**INPUT FOR THIS TASK**
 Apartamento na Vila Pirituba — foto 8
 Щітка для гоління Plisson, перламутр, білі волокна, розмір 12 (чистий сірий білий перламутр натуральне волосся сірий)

--

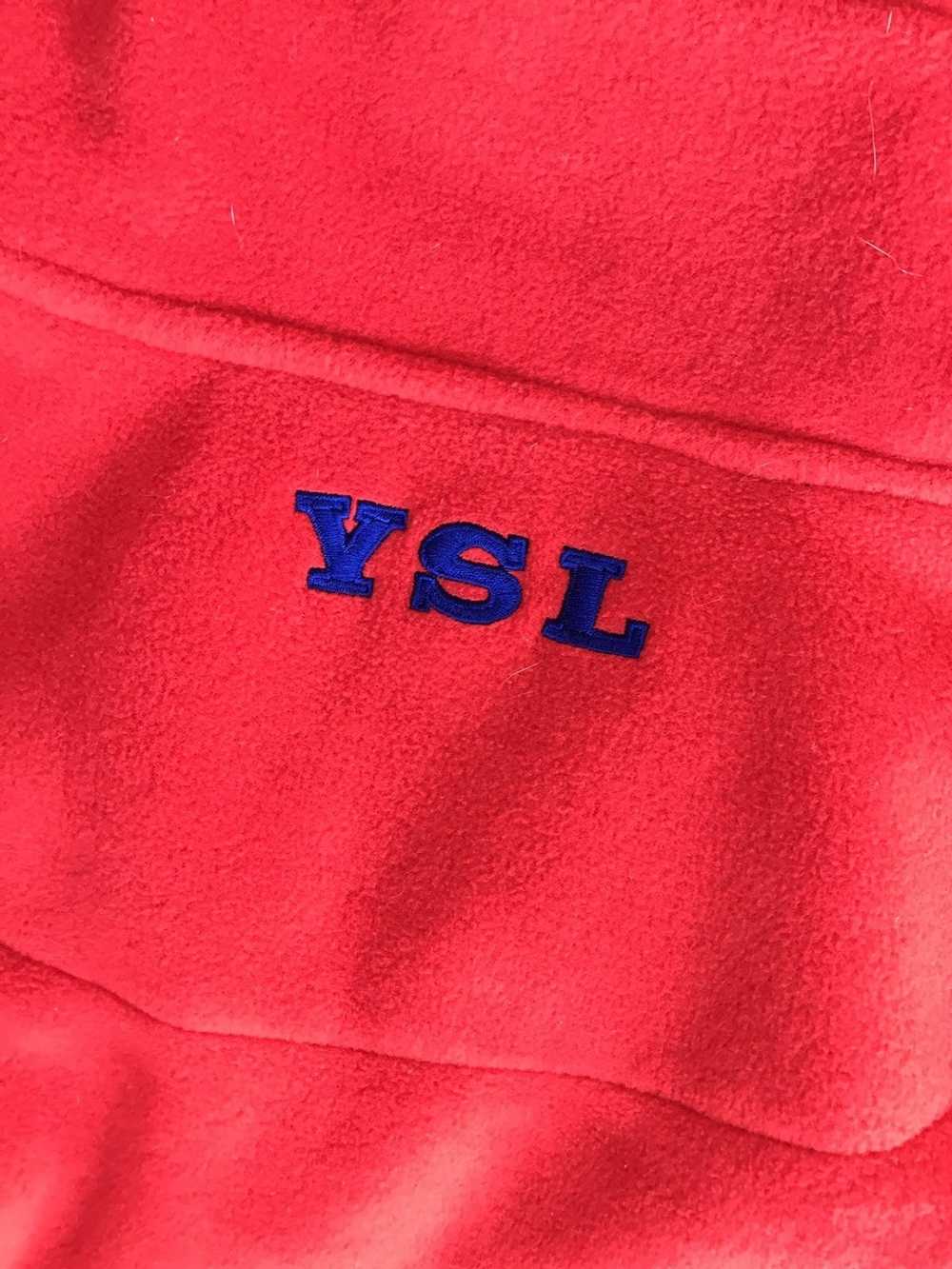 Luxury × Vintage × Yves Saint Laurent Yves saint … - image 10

**ASSIGNED TASK**
Please reproduce the lines from the line with "Apartamento na Vila Pirituba — foto 8" to the line with "Щітка для гоління", both ends included, exactly as they appear above.

**SOLUTION TO THIS EXERCISE**
 Apartamento na Vila Pirituba — foto 8
 Щітка для гоління Plisson, перламутр, білі волокна, розмір 12 (чистий сірий білий перламутр натуральне волосся сірий)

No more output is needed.